■ THE DATA
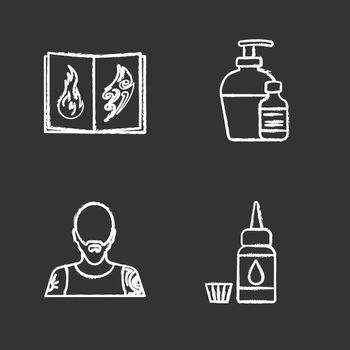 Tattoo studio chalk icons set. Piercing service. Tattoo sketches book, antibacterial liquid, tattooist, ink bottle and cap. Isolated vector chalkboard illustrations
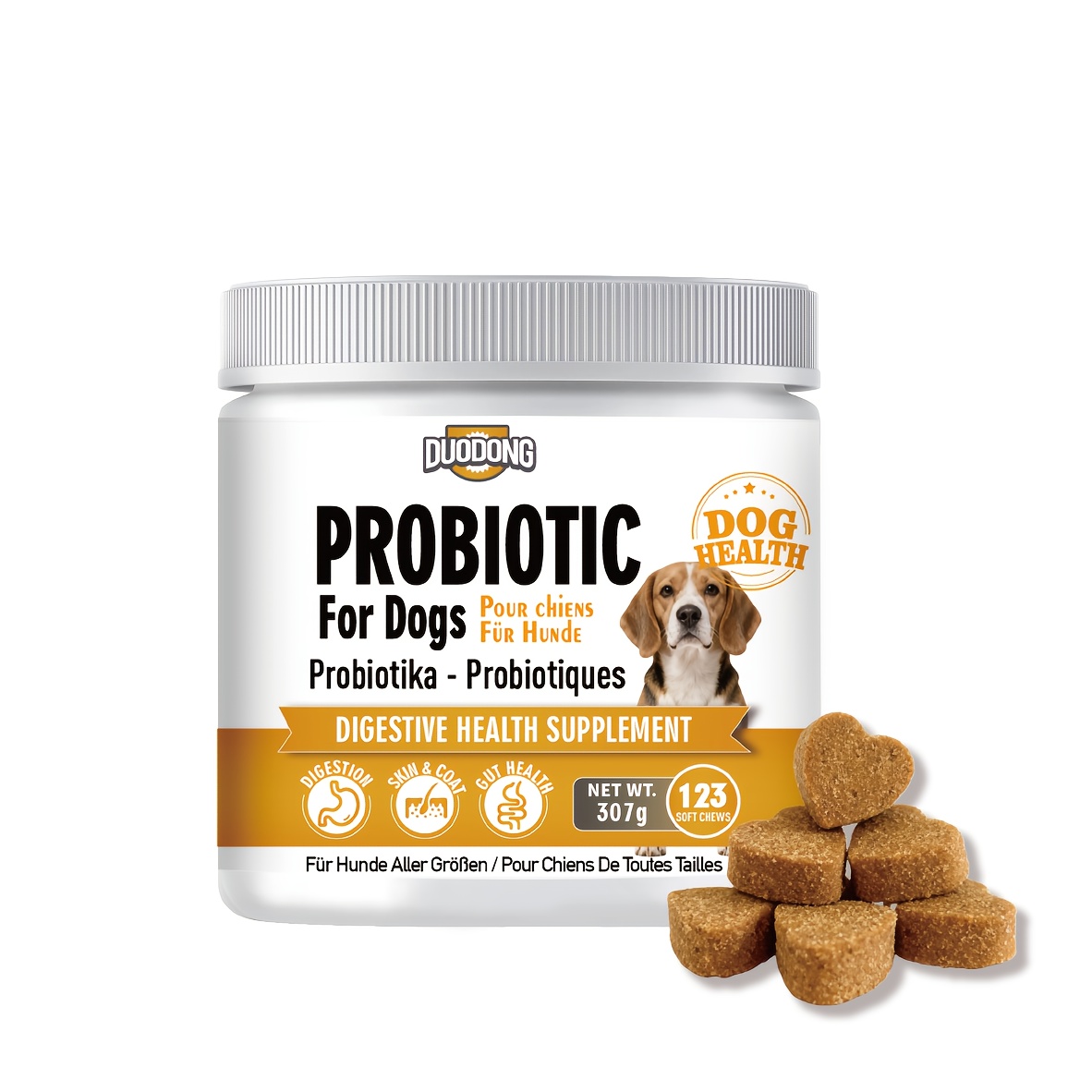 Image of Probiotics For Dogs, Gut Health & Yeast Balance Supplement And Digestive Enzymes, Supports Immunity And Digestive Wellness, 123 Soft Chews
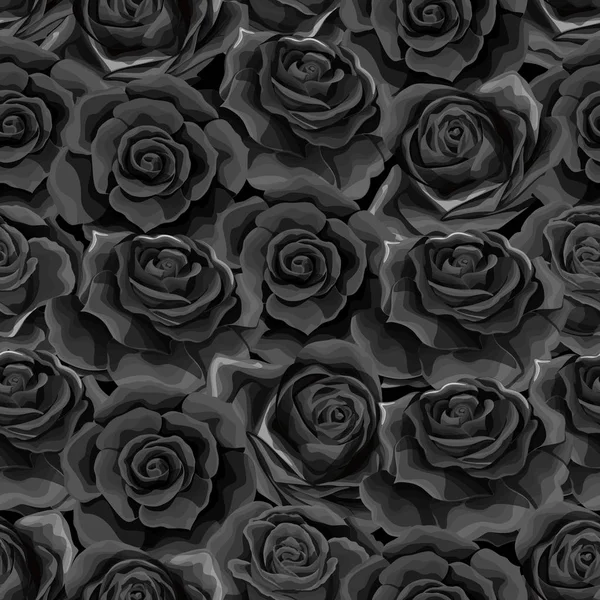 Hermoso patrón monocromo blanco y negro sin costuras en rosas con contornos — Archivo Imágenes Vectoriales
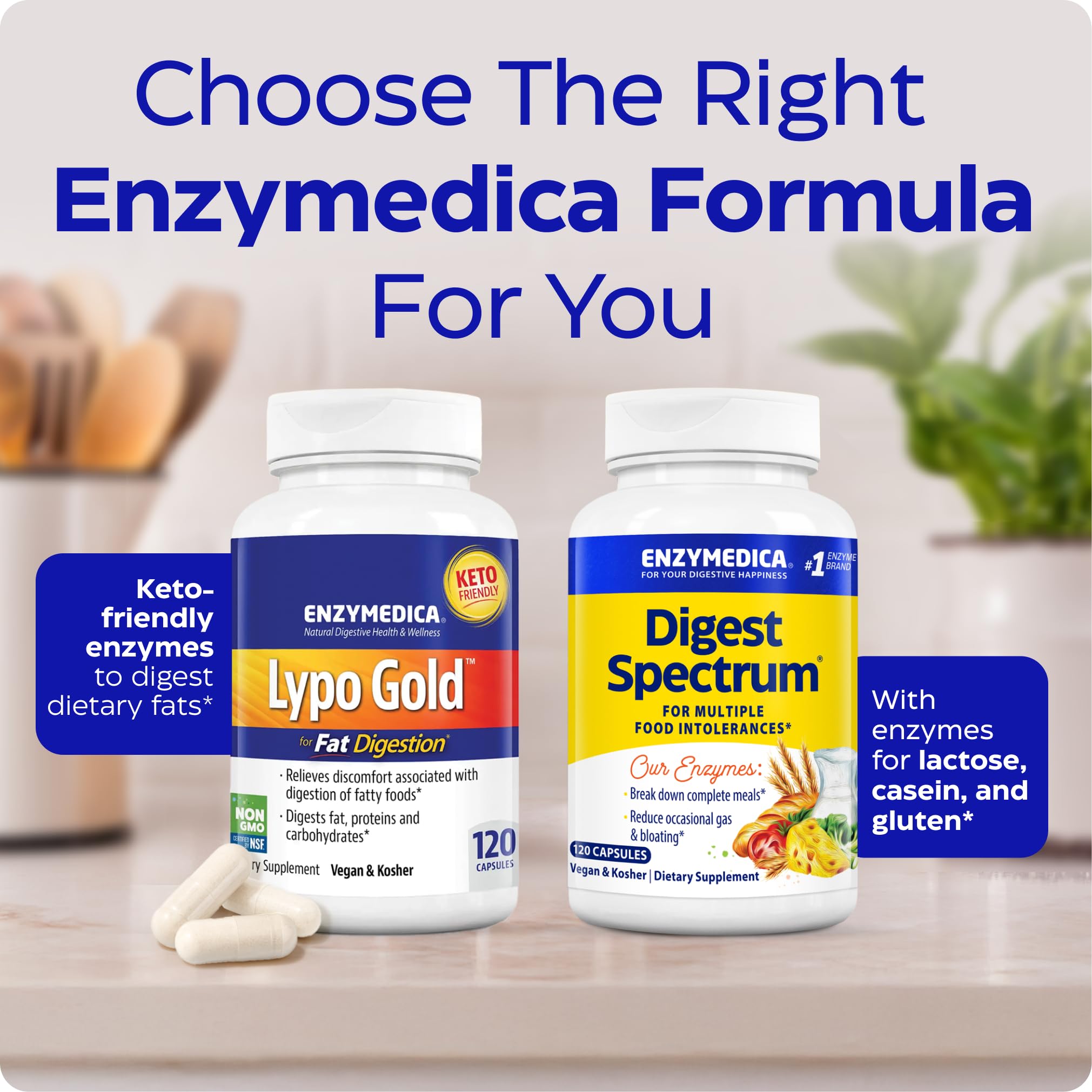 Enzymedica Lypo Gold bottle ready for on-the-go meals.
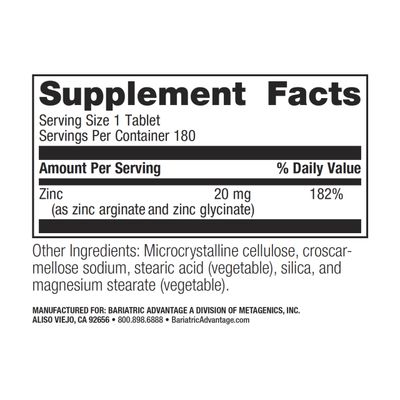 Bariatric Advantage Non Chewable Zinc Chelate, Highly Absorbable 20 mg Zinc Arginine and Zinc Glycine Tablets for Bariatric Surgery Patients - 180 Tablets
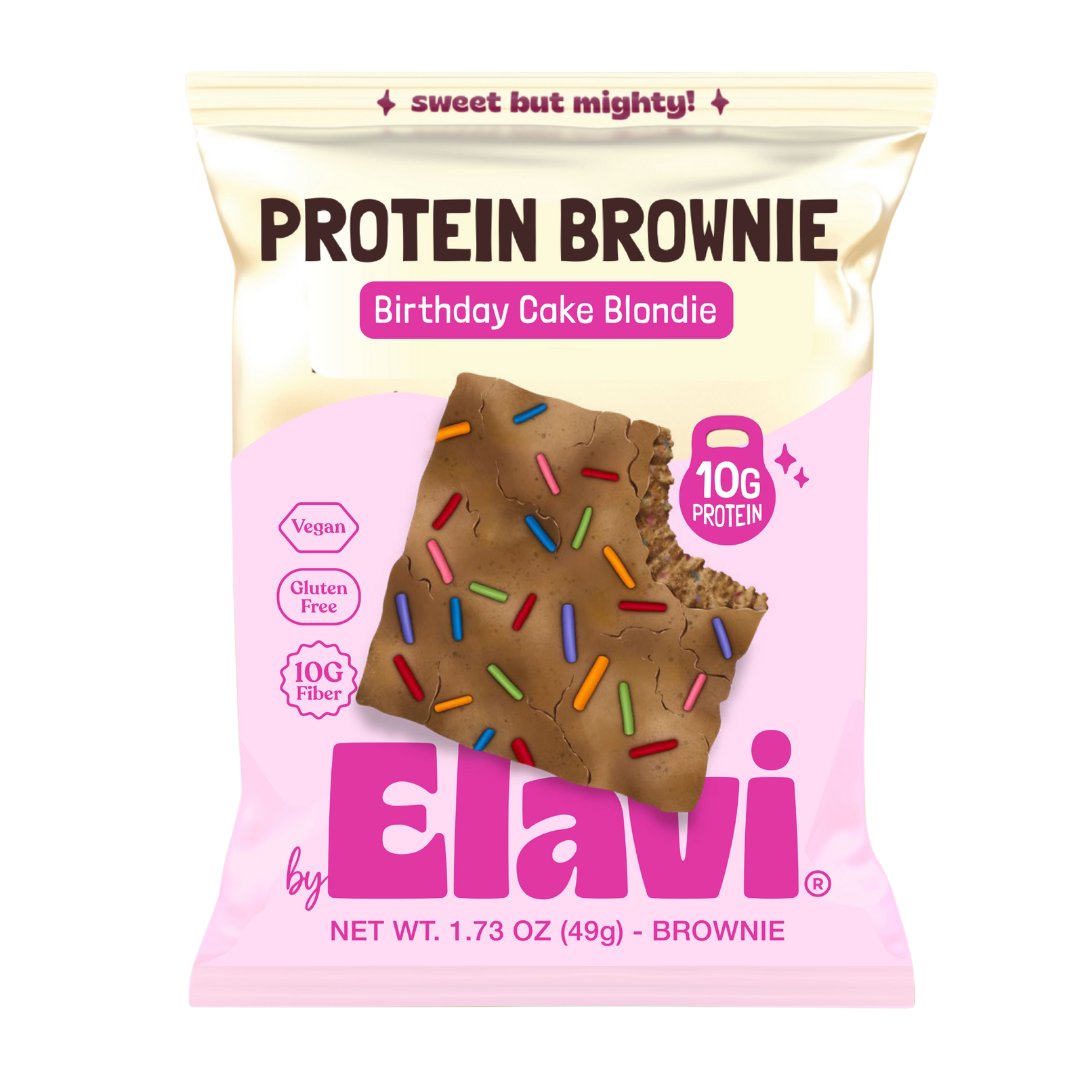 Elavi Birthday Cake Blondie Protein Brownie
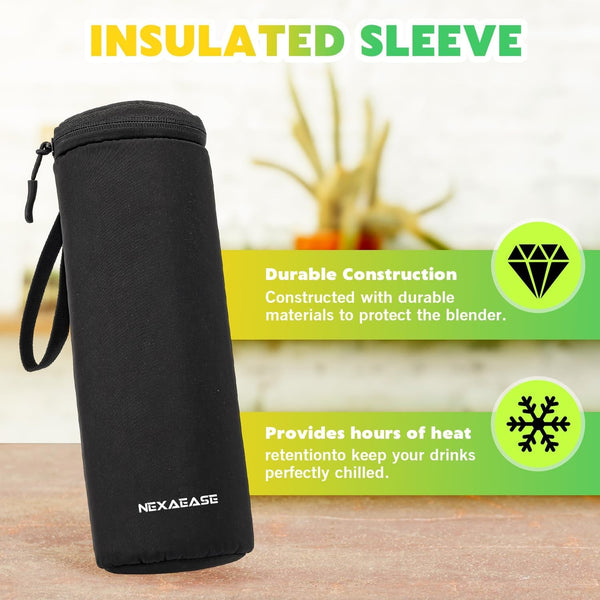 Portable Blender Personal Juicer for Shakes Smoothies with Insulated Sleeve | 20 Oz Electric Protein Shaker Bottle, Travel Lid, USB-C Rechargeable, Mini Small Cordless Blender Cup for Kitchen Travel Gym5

■ TASK DIRECTIONS
After removing the pictures, restate the whole listing above word for word.

■ SOLUTION
 Tattoo studio chalk icons set. Piercing service. Tattoo sketches book, antibacterial liquid, tattooist, ink bottle and cap. Isolated vector chalkboard illustrations
 Image of Probiotics For Dogs, Gut Health & Yeast Balance Supplement And Digestive Enzymes, Supports Immunity And Digestive Wellness, 123 Soft Chews
 Hermoso patrón monocromo blanco y negro sin costuras en rosas con contornos — Archivo Imágenes Vectoriales
 Enzymedica Lypo Gold bottle ready for on-the-go meals.
 Bariatric Advantage Non Chewable Zinc Chelate, Highly Absorbable 20 mg Zinc Arginine and Zinc Glycine Tablets for Bariatric Surgery Patients - 180 Tablets
 Elavi Birthday Cake Blondie Protein Brownie
 Portable Blender Personal Juicer for Shakes Smoothies with Insulated Sleeve | 20 Oz Electric Protein Shaker Bottle, Travel Lid, USB-C Rechargeable, Mini Small Cordless Blender Cup for Kitchen Travel Gym5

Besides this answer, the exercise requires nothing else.